What the task asks:
Word for word, restate the lines of the listing below from the line with "فندق Sonesta Select Miami Lakes" through the line with "Bc Dresses, Black", and do not include the pictures.

Data to examine:

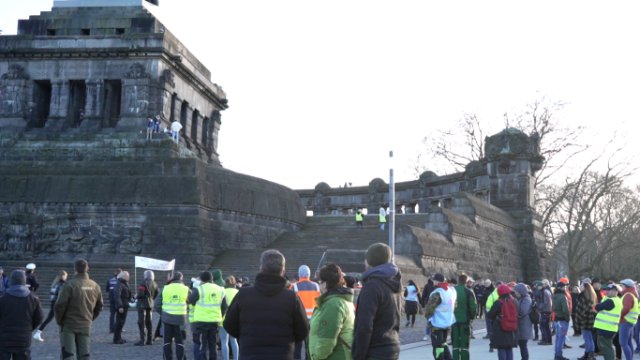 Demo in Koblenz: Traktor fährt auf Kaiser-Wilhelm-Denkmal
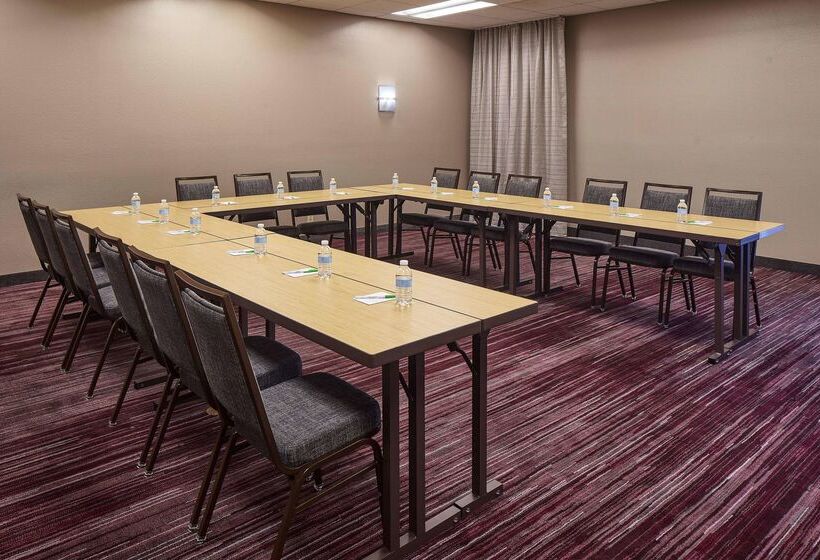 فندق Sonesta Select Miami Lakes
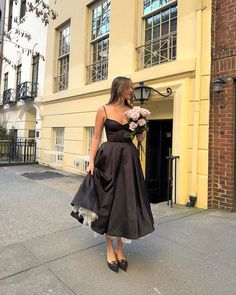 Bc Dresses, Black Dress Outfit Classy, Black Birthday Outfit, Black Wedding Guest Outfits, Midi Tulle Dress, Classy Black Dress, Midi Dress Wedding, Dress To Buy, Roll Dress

...

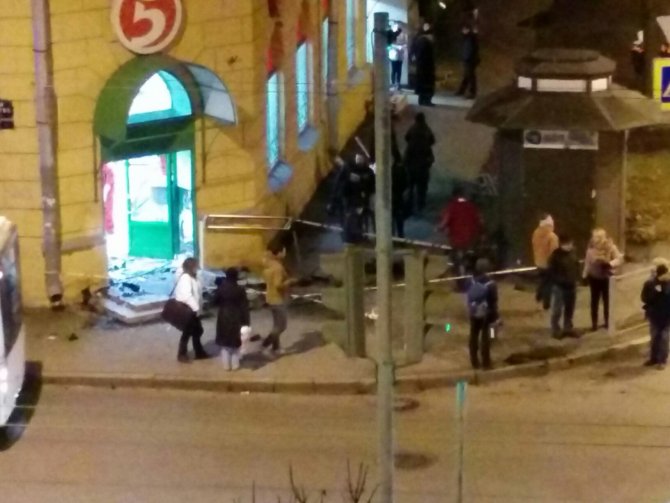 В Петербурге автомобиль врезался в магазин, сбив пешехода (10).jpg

==

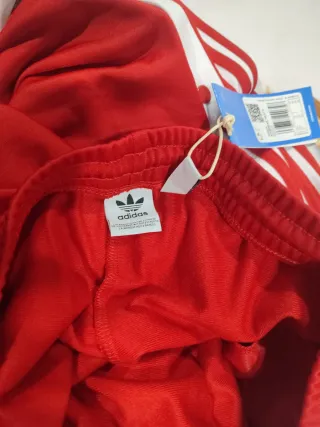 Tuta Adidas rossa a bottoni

Response to this exercise:
 فندق Sonesta Select Miami Lakes
 Bc Dresses, Black Dress Outfit Classy, Black Birthday Outfit, Black Wedding Guest Outfits, Midi Tulle Dress, Classy Black Dress, Midi Dress Wedding, Dress To Buy, Roll Dress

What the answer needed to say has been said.